One of the most searched topics on the forums is, ‘is it okay to feed my cat chicken livers?‘ The short answer is yes, the long answer is but with caution.
Chicken livers are highly palatable to cats and they contain a number of great nutrients, some of which include:
- Vitamin B
- Folic acid
- Vitamin A
- Vitamin C
Why is the answer both yes and no?
As you can see, liver contains many nutrients which are essential to good health, however, it is also where vitamin A is stored in the body (be it the chicken, cow, human etc), and as such, too much liver can lead to vitamin A toxicosis in cats.
Liver should only make up a small percentage of your cat’s diet. 5% at most and only once or twice a week. Any more and you risk vitamin A toxicosis.
Another risk factor is that liver is highly palatable to cats and they can quickly become addicted to it and start to refuse other types of food. Aside from the dangers of vitamin A toxicosis, liver is not nutritionally balanced.
How do I prepare chicken liver for my cat?
Cats can eat chicken liver either raw or cooked. On their own (again, only a small amount), or mixed in with other meat such as beef chunks.

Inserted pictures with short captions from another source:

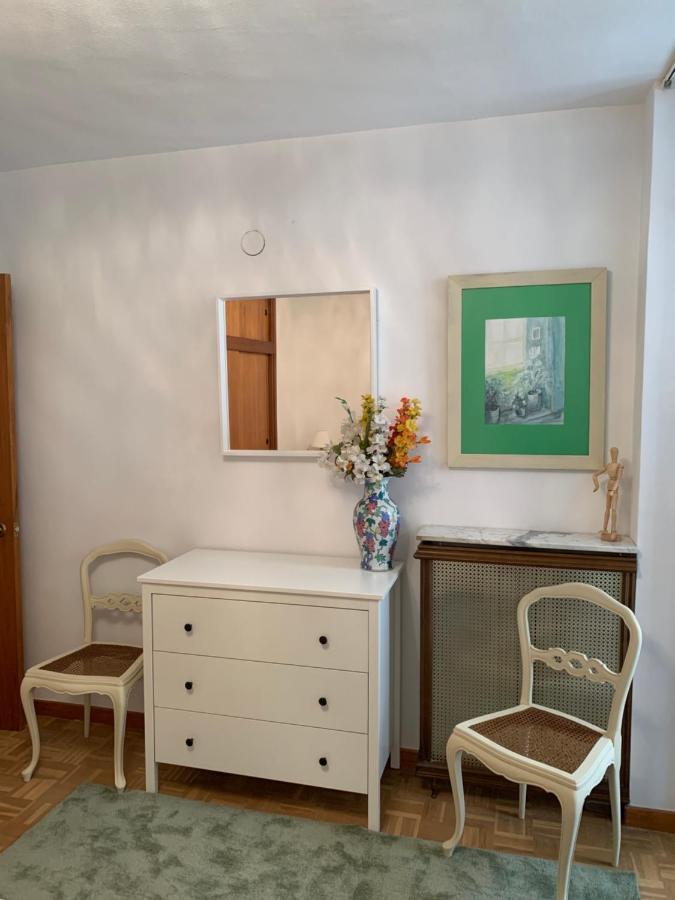 Precioso Piso Recien Reformado En Zaragoza Apartment Екстериор снимка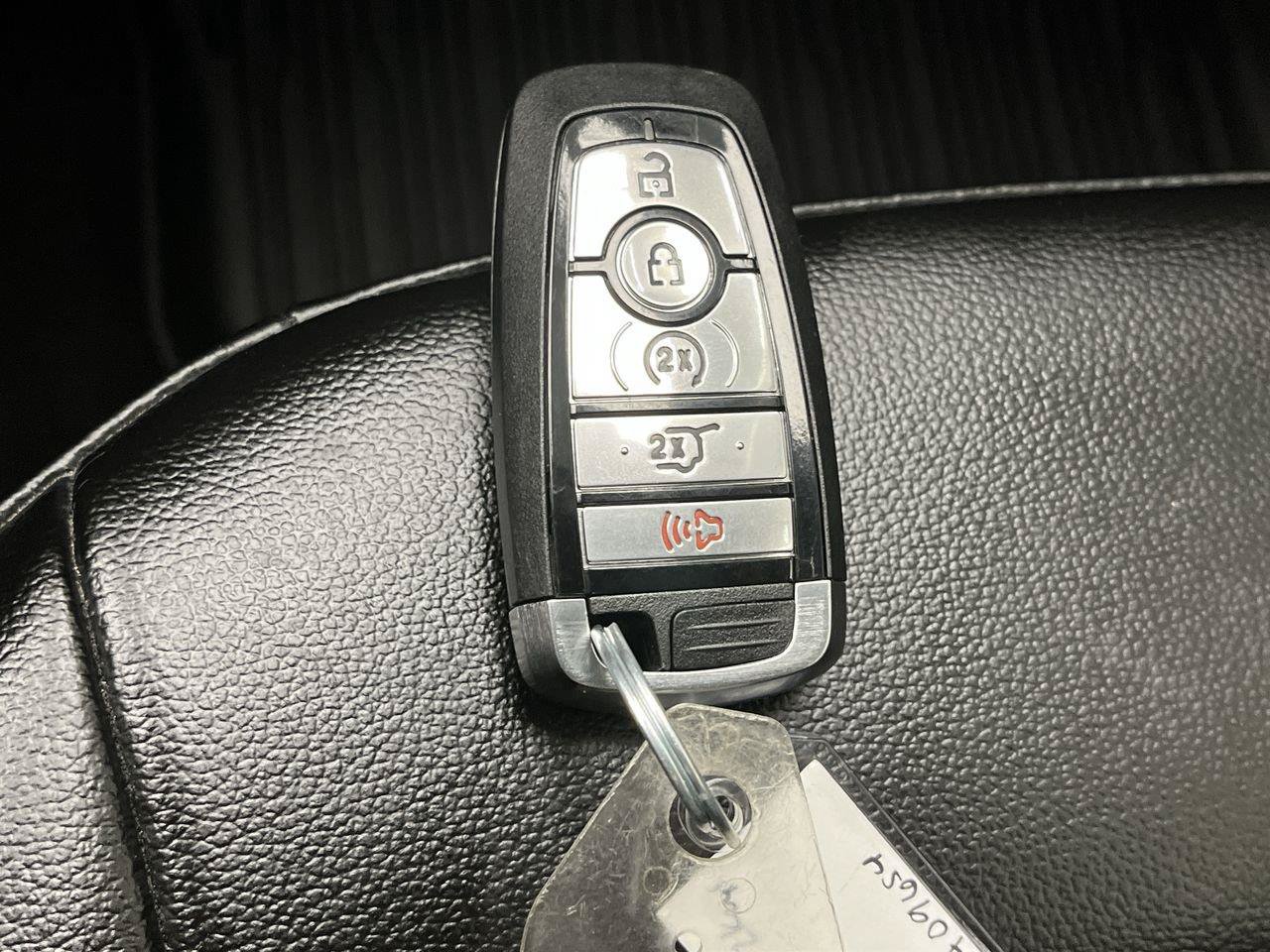 Used 2023 Ford Edge SEL w/ Convenience Package AWD/4WD image 27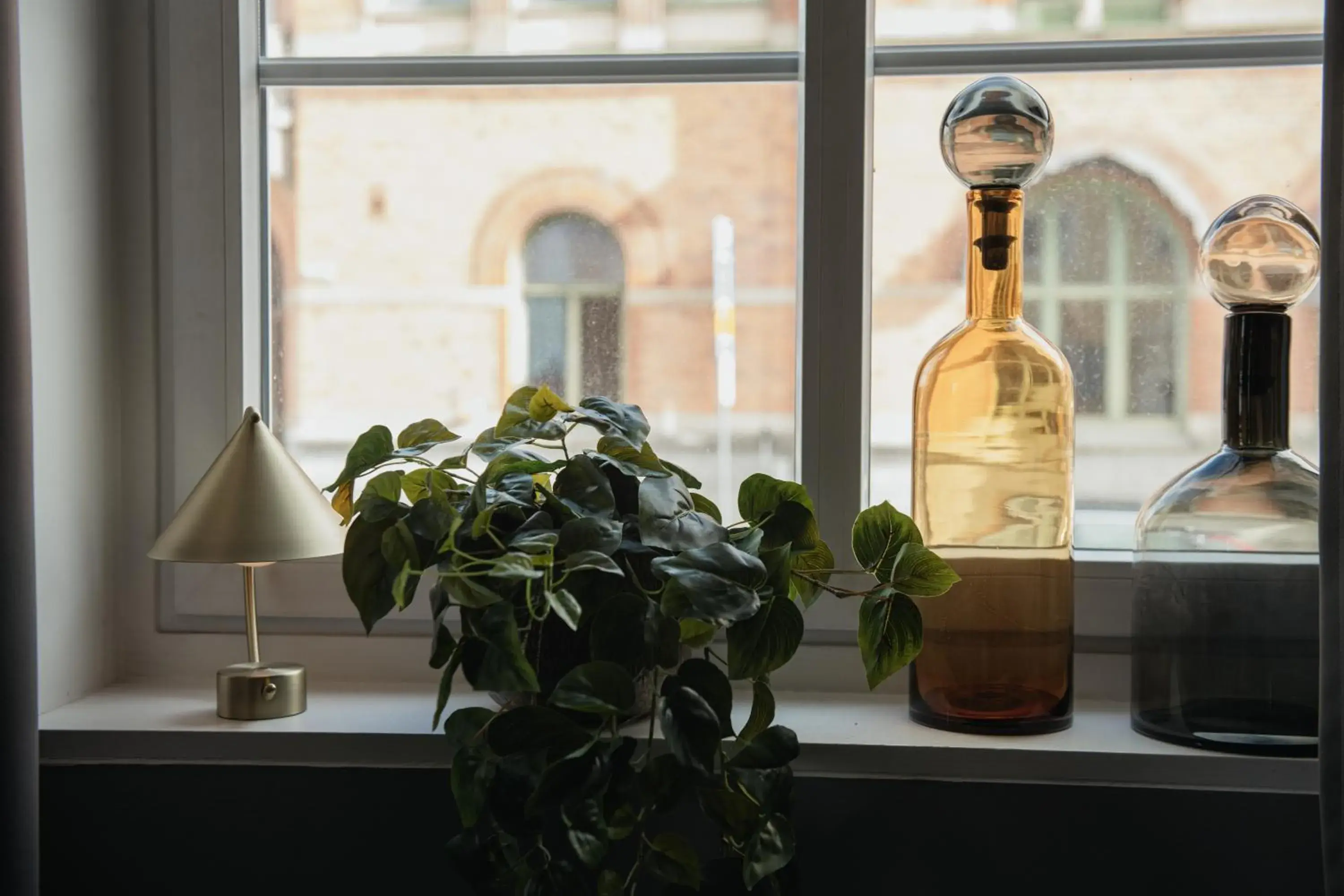 Property building in Home Hotel Uman Property building in Home Hotel Uman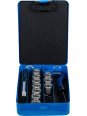 Kierteenkorjaussarja 12-os  M16x1.5 BGS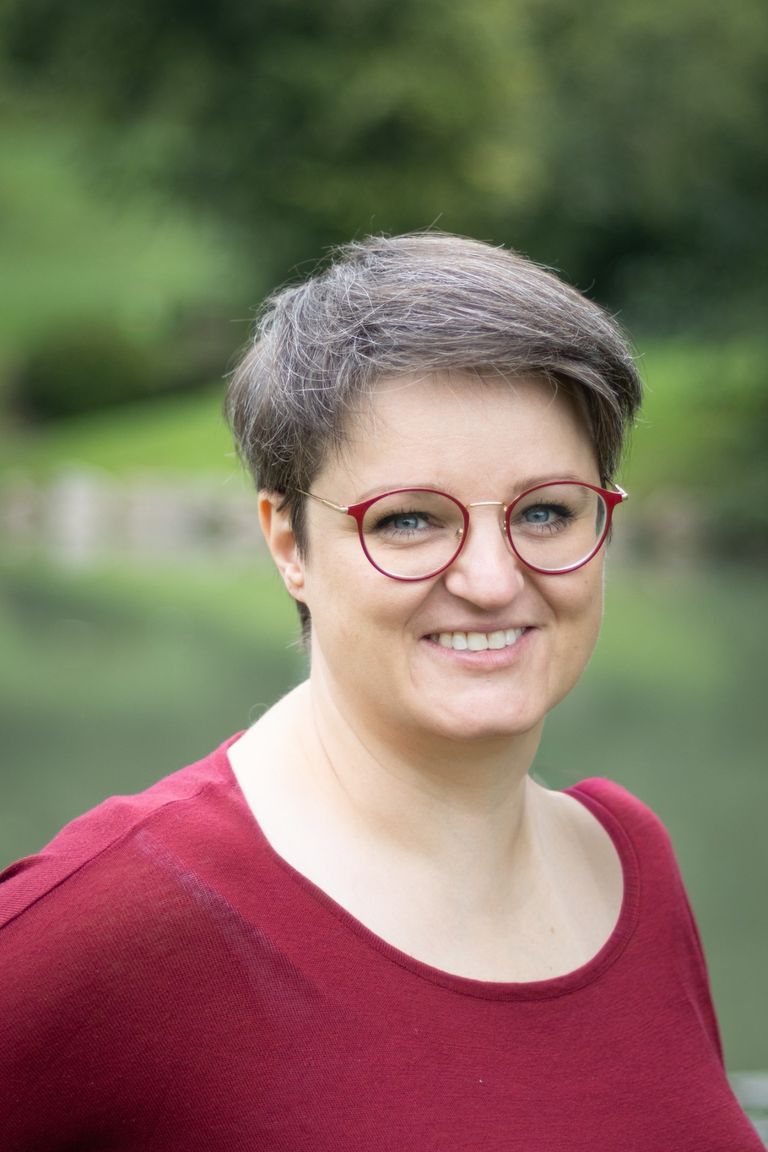 Portraitfotografie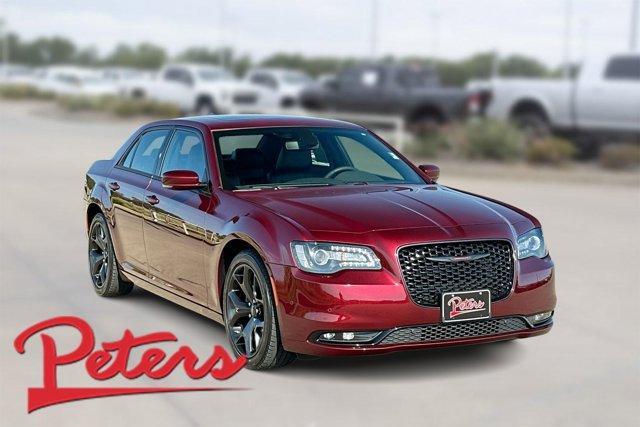 2023 Chrysler 300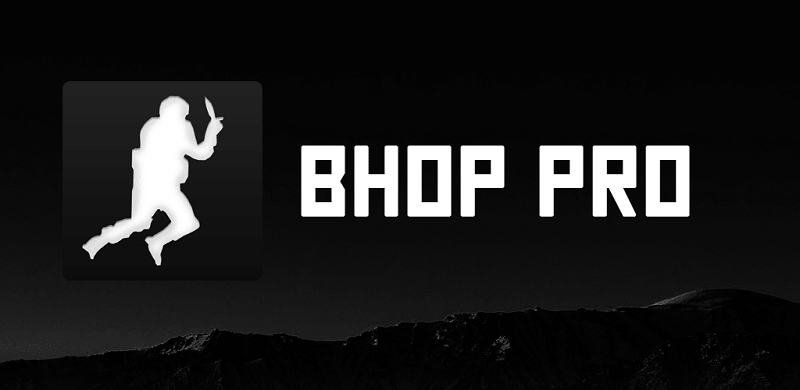 bhop pro v2.4.6 MOD APK (Unlimited money)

What about other chicken pieces?
Cats can eat chicken breast, thighs, necks. The meat can be fed raw or cooked. I always recommend only feeding human grade meat to animals and practice safe food handling.
Don’t feed anything that you wouldn’t eat yourself if it’s too old for you, it’s too old for your cat.
Cooked chicken is also highly palatable to cats and I have used it myself to encourage a sick cat to eat.
Chicken necks are great for your cat’s dental hygiene. I give my cats necks two mornings a week. Never give your cat cooked chicken bones, including necks. Cooked chicken bones become very dry and brittle and can easily splinter inside your cat’s mouth or gastrointestinal tract.
Any uneaten meat should be removed after 20 minutes.
Some veterinarians will prescribe a bland diet for your cat if he is recovering from an illness, particularly relating to his gastrointestinal tract. Chicken meat is often recommended as it is bland, easy to digest and most cats love it.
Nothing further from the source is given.